DATA FOR PROCESSING:
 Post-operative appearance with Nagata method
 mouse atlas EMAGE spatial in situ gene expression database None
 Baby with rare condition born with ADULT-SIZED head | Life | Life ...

* * *

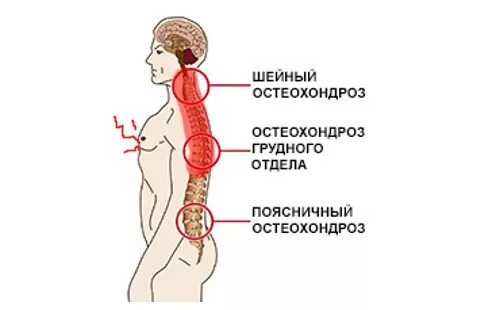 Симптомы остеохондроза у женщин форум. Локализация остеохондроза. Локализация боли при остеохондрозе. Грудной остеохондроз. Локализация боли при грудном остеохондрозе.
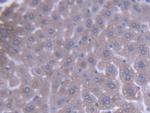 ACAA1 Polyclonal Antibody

ABOUT THIS TASK: Search the entries above for the string "with". Copy each line that holds it.

SOLUTION:
 Post-operative appearance with Nagata method
 Baby with rare condition born with ADULT-SIZED head | Life | Life ...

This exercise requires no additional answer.